Spanier, Curley raise attorney-client privilege argument in McQueary case

Mike McQueary
Mike McQueary

It’s been months since any real movement was seen in the whistleblower lawsuit former Penn State assistant football coach Mike McQueary brought against the university.

Now two former officials are asking to bring one action to a halt.

On Tuesday, former Penn State president Graham Spanier filed a petition to intervene in the case. He was joined Wednesday by former athletic director Tim Curley, who entered a similar request.

The two men are objecting to the deposition of former Penn State trustee and general counsel Cynthia Baldwin.

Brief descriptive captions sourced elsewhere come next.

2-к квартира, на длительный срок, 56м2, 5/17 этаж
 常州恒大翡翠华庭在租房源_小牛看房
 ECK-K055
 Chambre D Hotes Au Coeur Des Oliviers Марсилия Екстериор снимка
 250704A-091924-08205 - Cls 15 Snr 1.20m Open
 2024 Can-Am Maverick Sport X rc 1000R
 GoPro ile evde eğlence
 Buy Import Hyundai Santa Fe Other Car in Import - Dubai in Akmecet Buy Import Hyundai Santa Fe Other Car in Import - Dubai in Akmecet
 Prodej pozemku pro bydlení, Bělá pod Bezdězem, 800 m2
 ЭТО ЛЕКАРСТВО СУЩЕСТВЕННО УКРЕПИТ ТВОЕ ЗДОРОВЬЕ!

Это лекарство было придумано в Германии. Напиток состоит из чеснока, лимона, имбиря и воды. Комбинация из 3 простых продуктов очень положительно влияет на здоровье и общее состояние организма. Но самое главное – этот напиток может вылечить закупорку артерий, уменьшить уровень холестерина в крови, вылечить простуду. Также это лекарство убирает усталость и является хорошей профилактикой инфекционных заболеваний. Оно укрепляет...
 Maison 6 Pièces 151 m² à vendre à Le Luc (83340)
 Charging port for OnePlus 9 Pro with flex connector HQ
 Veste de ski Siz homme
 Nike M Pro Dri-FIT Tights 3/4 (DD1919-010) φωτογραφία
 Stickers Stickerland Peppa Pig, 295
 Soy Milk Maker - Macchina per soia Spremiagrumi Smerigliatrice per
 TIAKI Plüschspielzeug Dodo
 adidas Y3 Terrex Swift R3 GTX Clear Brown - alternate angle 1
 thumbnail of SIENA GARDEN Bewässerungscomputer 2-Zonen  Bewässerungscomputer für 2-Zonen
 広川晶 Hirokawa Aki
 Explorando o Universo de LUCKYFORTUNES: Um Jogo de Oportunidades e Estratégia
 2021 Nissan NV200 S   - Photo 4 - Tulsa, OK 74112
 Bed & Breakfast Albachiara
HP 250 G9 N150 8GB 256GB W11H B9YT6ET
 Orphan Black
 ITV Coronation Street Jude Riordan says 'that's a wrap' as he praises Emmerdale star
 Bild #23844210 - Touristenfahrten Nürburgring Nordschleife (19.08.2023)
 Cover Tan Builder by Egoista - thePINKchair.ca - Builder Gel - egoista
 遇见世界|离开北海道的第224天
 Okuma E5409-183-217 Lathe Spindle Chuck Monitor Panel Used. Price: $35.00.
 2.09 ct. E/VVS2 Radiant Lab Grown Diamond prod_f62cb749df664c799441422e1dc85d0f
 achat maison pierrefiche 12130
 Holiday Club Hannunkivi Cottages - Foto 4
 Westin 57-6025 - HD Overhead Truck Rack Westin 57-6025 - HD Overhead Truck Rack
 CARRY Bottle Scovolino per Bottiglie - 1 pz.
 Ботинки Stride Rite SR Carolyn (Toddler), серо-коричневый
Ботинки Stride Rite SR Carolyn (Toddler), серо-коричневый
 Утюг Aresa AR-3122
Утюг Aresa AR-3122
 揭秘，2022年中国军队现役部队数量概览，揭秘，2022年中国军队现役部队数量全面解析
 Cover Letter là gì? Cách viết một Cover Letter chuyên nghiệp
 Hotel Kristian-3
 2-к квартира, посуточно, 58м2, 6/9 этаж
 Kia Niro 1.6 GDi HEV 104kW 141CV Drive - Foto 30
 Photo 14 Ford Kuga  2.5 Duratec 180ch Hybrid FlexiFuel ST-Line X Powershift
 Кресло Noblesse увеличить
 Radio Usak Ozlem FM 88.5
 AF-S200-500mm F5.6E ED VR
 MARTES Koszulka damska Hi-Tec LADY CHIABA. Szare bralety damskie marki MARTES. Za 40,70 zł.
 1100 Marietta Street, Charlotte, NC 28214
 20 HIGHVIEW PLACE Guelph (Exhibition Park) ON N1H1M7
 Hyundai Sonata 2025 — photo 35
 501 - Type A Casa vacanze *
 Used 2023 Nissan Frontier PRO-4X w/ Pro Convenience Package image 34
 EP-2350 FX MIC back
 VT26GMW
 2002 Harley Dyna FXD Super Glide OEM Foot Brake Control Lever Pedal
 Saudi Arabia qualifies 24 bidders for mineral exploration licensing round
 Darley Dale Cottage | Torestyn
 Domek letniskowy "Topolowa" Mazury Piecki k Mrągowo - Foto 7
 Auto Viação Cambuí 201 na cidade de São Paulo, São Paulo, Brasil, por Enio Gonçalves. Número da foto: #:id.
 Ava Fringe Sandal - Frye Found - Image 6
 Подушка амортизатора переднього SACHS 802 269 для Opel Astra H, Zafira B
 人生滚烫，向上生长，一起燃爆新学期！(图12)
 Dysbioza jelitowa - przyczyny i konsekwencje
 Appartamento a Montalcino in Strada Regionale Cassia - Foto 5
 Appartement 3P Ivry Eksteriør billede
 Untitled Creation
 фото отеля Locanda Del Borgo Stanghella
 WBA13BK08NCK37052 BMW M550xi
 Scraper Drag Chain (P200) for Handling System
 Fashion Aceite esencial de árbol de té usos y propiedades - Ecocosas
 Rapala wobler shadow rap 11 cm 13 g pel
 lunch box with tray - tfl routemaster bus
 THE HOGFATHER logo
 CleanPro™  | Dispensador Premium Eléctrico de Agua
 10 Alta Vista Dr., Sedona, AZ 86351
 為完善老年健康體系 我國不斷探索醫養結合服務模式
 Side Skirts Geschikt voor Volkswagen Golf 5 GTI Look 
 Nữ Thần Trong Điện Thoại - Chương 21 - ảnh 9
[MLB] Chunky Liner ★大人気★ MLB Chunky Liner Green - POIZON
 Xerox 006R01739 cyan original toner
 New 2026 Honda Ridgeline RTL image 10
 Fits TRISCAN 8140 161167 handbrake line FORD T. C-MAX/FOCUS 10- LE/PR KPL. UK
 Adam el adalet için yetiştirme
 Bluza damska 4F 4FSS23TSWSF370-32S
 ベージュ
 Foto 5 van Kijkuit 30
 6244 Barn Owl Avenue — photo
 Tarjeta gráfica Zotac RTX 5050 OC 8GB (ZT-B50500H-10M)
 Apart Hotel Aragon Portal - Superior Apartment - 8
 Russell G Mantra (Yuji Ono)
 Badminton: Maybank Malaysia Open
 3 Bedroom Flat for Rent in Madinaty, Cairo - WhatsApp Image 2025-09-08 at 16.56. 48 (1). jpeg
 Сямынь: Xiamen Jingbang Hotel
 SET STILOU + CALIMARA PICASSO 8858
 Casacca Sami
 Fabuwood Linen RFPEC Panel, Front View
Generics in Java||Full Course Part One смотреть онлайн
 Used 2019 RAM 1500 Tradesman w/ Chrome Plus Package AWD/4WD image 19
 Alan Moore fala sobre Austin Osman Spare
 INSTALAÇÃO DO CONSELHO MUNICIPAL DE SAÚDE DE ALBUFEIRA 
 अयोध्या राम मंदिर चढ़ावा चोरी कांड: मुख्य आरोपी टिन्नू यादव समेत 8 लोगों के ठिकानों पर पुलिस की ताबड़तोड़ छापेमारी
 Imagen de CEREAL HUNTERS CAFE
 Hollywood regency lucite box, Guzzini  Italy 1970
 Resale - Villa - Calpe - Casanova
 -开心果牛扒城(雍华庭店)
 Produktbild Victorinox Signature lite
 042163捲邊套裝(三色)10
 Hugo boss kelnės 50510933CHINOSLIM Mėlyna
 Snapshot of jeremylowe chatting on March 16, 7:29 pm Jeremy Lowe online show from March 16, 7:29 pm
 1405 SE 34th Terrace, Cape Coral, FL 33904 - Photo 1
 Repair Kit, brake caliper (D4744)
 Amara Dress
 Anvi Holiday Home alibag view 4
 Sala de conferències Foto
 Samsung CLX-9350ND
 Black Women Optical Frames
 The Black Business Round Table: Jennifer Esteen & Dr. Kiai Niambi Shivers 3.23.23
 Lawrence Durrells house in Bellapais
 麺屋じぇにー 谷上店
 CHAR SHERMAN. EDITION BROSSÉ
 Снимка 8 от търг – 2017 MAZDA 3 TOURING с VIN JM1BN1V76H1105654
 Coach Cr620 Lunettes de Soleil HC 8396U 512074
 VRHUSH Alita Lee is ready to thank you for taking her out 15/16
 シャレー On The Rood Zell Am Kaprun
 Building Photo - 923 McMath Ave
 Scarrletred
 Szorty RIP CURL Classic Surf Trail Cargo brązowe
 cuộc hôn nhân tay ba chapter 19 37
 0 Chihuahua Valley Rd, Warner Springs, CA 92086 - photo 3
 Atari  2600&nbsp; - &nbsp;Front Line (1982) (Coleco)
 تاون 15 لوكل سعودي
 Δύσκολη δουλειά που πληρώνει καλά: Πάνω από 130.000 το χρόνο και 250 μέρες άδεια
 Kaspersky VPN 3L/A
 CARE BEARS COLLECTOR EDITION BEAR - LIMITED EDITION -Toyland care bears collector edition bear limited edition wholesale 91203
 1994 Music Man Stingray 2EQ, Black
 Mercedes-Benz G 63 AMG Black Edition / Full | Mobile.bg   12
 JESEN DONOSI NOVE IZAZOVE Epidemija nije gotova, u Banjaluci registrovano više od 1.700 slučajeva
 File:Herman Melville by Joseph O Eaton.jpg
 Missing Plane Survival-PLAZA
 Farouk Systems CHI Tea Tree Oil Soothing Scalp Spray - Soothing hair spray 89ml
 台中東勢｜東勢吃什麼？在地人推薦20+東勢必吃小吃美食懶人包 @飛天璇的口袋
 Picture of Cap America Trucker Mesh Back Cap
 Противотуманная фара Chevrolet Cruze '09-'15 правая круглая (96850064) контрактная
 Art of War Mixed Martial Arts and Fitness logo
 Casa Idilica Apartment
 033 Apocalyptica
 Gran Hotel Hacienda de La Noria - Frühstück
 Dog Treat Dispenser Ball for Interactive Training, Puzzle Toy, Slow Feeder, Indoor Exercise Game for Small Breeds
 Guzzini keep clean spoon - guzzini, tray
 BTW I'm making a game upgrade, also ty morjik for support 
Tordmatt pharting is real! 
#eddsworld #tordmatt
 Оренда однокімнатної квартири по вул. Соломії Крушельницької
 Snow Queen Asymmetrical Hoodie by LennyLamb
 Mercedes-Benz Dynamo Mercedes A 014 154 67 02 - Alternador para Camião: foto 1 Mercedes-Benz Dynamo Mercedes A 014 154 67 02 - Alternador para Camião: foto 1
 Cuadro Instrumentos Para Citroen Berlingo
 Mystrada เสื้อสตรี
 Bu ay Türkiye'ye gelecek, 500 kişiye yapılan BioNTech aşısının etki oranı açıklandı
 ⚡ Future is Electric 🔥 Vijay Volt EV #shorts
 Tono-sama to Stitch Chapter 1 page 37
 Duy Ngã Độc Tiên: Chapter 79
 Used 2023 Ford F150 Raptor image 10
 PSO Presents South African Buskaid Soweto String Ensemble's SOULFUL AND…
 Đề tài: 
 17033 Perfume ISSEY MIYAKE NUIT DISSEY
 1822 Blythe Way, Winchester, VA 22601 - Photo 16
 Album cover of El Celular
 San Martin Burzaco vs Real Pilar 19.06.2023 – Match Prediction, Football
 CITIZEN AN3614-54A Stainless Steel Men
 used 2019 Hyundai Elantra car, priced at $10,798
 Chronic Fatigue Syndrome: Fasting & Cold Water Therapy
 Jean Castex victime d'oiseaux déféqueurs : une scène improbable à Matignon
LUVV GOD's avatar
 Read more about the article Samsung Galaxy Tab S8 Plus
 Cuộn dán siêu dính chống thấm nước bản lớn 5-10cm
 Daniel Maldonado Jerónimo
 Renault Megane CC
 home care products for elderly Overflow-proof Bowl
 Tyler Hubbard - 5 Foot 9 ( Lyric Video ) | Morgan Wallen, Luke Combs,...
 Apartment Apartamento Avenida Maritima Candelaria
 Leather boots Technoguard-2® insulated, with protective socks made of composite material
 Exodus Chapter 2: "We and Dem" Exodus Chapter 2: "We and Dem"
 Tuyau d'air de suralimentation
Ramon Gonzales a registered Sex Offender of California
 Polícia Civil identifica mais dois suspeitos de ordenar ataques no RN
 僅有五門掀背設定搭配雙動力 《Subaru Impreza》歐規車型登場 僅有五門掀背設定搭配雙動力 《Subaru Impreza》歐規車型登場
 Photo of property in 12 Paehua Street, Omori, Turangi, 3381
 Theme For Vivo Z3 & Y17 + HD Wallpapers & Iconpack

McQueary’s case arose from the 2011 indictment and subsequent 2012 conviction of retired Penn State defensive coordinator Jerry Sandusky on charges of child sexual abuse. McQueary was one of the most prominent witnesses. He filed his lawsuit in 2012, alleging the university ruined his reputation and fired him for his part in the investigation.

But Spanier and Curley, along with former vice president Gary Schultz, are still awaiting trial in Dauphin County on charges of perjury and conspiracy related to the Sandusky case.

That is where the new petition comes in.

“Intervention in this case is warranted because the deposition of Cynthia Baldwin will very likely include testimony about matters protected by the attorney-client privilege,” Spanier’s filing stated.

All three former officials claim that they thought at the time that Baldwin represented them. That has become a central sticking point in their criminal case, and one in which the Pennsylvania Superior Court will hear arguments next month before allowing the Dauphin case to move on.

But in Centre County court, the issue has also been heard. Specially presiding Chester County Senior Judge Thomas Gavin ruled in May that communications involving Baldwin could not be withheld on the same attorney-client privilege grounds.

McQueary is seeking lost wages, legal costs and punitive damages.